Please describe, in detail, the problem that you are having, including the behavior you expect to see, the actual behavior that you are seeing, steps to reproduce the problem, etc. It is most helpful if you can attach a small program that a developer can use to reproduce your problem.

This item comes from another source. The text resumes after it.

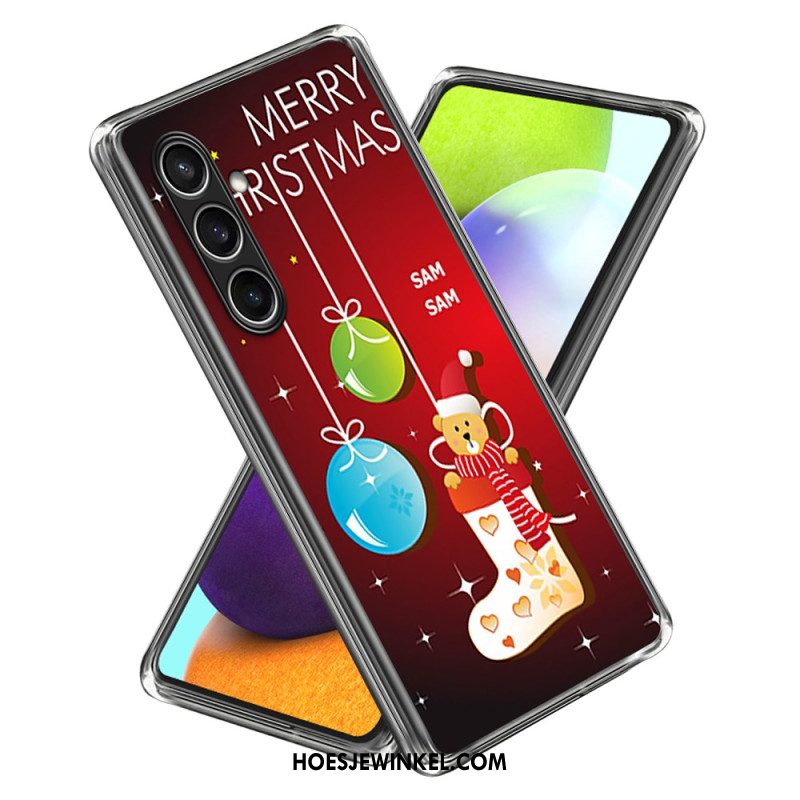 Case Hoesje Samsung Galaxy S25 Plus 5g Telefoonhoesje Kerstvariaties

I am upgrading from openmpi-4.1.6 to openmpi-5.0.5. My compilation is successful and I can run the tools, however all tools throw signal 27 (Profiling timer expired), even when running basic test programs. For example, see the output of a simple mpirun command for hostname:

[email protected] ~/openmpi-5.0.5]$ mpirun -np 4 hostname
dsat.org
dsat.org
------------------------------------------------------------------------------
prterun noticed that process rank 2 with PID 1202879 on node dsat exited on
signal 27 (Profiling timer expired).
------------------------------------------------------------------------------

mpirun built with openmpi-4.1.6 can successfully run this (and my own) programs.
I was configuring openmpi-4.1.6 with the following parameters:

./configure --disable-shared --enable-static --without-memory-manager --with-hwloc=internal --disable-io-romio --disable-hwloc-pci --without-verbs --enable-mpi-thread-multiple --enable-heterogenous --enable-mpi-cxx --enable-cxx-exceptions --enable-mpi-fortran=none

This is what I am attempting to configure openmpi-5.0.5 with:

./configure --disable-shared --enable-static --without-memory-manager --with-hwloc=internal --with-libevent=internal --with-pmix=internal --with-prrte=internal --disable-io-romio --disable-mpi-fortran

I have also attempted configuration with a few different options in an attempt to solve this problem (with no success):

./configure --disable-shared --without-ft --enable-static --without-memory-manager --with-hwloc=internal --with-libevent=internal --with-pmix=internal --with-prrte=internal --disable-io-romio --disable-mpi-fortran --without-ucx --without-libfabric

I have confirmed that there is no profiling going on in the system that would be causing this SIGPROF to be sent to the child processes. That combined with the test that mpirun compiled with openmpi-4.1.6 runs successfully demonstrates to me that the issue is something internal to openmpi-5.0.5, whether that be a bug or a configuration issue.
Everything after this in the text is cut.